Of all the elements of this pitch, that’s probably the one I find most stimulating, the prospect of re-imagining the Matrix itself to be more reflective of an age of smartphones, social media, predator drones, and virtual reality. Really, this is probably also the most important aspect of more Matrix material as you’d need the film to appeal to a generation that has grown up embracing technology as an omnipresent part of their lives and an extension of themselves.
This was always going to be a big hurdle to cover in reviving the Matrix, much the same way it’s plagued its franchise predecessor Terminator. As technology becomes a more and more ingrained part of daily life, it becomes more and more difficult for people to disassociate enough from machines to view them as a threat. Even when it comes to matters of personal privacy or the horrors of drone warfare, we rarely blame the machines but rather the people behind them. We still want commercially available drones and to have a social media presence, we just don’t want other HUMANS to ruin it for the rest of us. We’ve already seen this kind of thing fall flat on itself with 2014’s Transcendence.
The other big, hovering issue here is that by making this about a younger version of Morpheus, the film is forcing itself into telling the story of Morpheus when he was less interesting. The obvious story options here would revolve either around Morpheus first getting pulled from the Matrix or first discovering the myth of the One, but both options leave him playing catch-up to the audience. See, the reason prequels work at all when they work is that they aren’t rolling back a character but filling in a situational blank.

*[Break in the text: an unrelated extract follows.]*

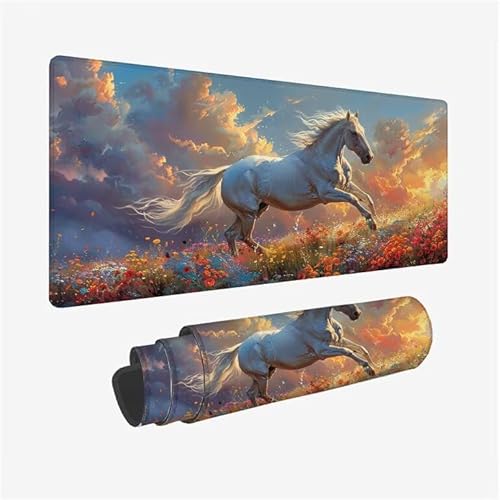 Schreibtischunterlage Pferd Mauspad Garten Mousepad XXL 1600x800x3mm Mauspad Gaming mit Genähten Kanten, Nicht rutschender Desk Mat, wasserdichte Waschbar Mouse Pad für Laptop PC Büro Zuhause Y2-945 Schreibtischunterlage Pferd Mauspad Garten Mousepad XXL 1600x800x3mm Mauspad Gaming mit Genähten Kanten, Nicht rutschender Desk Mat, wasserdichte Waschbar Mouse Pad für Laptop PC Büro Zuhause Y2-945 von Yingeen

For instance, Rogue One works because of its all new and compelling characters in a past situation, we’re not left waiting for anyone to become a hero we already like. Same with Prometheus, even if you didn’t like it that failure wasn’t because we had to suffer through some boring version of Ripley who didn’t know about Xenomorphs or couldn’t handle herself anymore. Making a prequel about Morpheus becoming Morpheus would be like making an entire movie about the time after Clark Kent left Smallville but ends right before he becomes Superman.
This is all sounding fairly negative but that’s just the nature of trying to do more Matrix films and doubly so when it comes to making prequels. To be clear, I do think there’s potential in the Matrix franchise and the prospect of a new major franchise with a black lead is pretty exciting, but that doesn’t erase the issues this project is already facing at the conception phase. This is basically the same problem staring down The Matrix’ spiritual successor Avatar. To be sure there’s a big difference in quality between the two but they’re both examples of big hits that redefined technology and the visual language of the blockbuster but just couldn’t become a fixed part of the modern geek conversation. Maybe this prequel will be the thing to turn that around, but I wouldn’t bet on it.